Designates an office within the U.S. Department of Health and Human Services a national office of privacy to aid consumers in learning about their rights and how they may seek recourse for violations of fair information practices as recommended by the recent National Research Council report.
Allows individuals to segregate portions of their medical records, such as mental health treatment records, from broad viewing by health personnel not directly involved in their care, or by others without legitimate access.
Extends patient privacy protecting for federally funded research to protect all sensitive medical information being used for research, whether public or private. It also requires a review of current privacy protections for research to see if improvements can be made.
Gives individuals a civil right of action against anyone who misuses their protected health information; establishes criminal and civil penalties for intentionally or negligently using individually identifiable health information.

Urgency In Enacting Federal Medical Privacy Legislation

Absence of Current Law

No comprehensive federal law currently exists to safeguard the confidentiality of personally identifiable health information. Few states have comprehensive health privacy laws. A consensus has long existed that federal health privacy law is needed. Numerous federal advisory commissions and agencies have recommended enactment of a federal health privacy law, and a wide range of consumer, privacy and health care organizations and providers agree.

In its March 1997 report, the National Research Council found that "patients have little control over the ways in which information about their health is collected, used or disseminated" and that "few controls exist to prevent [personally identifiable health information] from being used in ways that could harm patients or invade their privacy." The current trend toward integrated health care delivery systems and increased automation of health records places individual health records privacy at even greater risk.

Administrative Simplification

The Health Insurance Portability and Accountability Act of 1996 (HIPAA) includes administration simplification provisions, insisted upon by the House, which require a system of health care information exchanges by computers and through computer clearinghouses and data networks years before setting a deadline privacy protections for medical records are in place.

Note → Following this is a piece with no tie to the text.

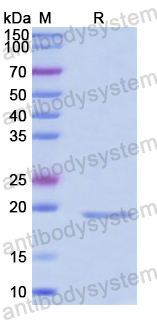 Recombinant Human RERG Protein, N-His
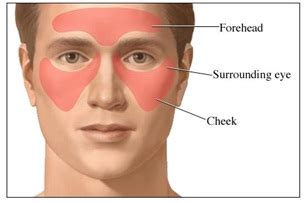 Sinus Headache Causes, Symptoms, Diagnosis and Treatment | Natural Health News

During debate on that bill, former Majority Leader Bob Dole put his finger on this problem when he remarked that a "compromise of privacy" which sends information about health and treatment to a national data bank without a person's approval would be something that none of us would accept. Unfortunately, this exactly what is happening.

Legislative Mandate to Pass A Bill

The HIPAA included a provision mandating either that the Congress enact privacy protections within 36 months of passage (by August of 1999), or that the Secretary of HHS promulgate regulations. However, even under this scheme privacy rules do not take effect until two years after the mandatory computerization takes effect; the Secretary is only required to address electronic exchanges which would not cover such breeches in privacy as the incident in which the medical records of a current member of Congress were faxed to the New York Post . We believe that national policy on medical privacy should be addressed by Congress, not by administrative regulations.

European Union Directive

The EU data protection directive will prohibit the transfer of medical and other personal data from the EU to this country if the EU determines that the United States lacks adequate privacy safeguards. The current absence of a federal privacy law raises the strong possibility of a serious interruption in trade if, through inaction, the United States continues to be viewed as a barrier to transporter data flow.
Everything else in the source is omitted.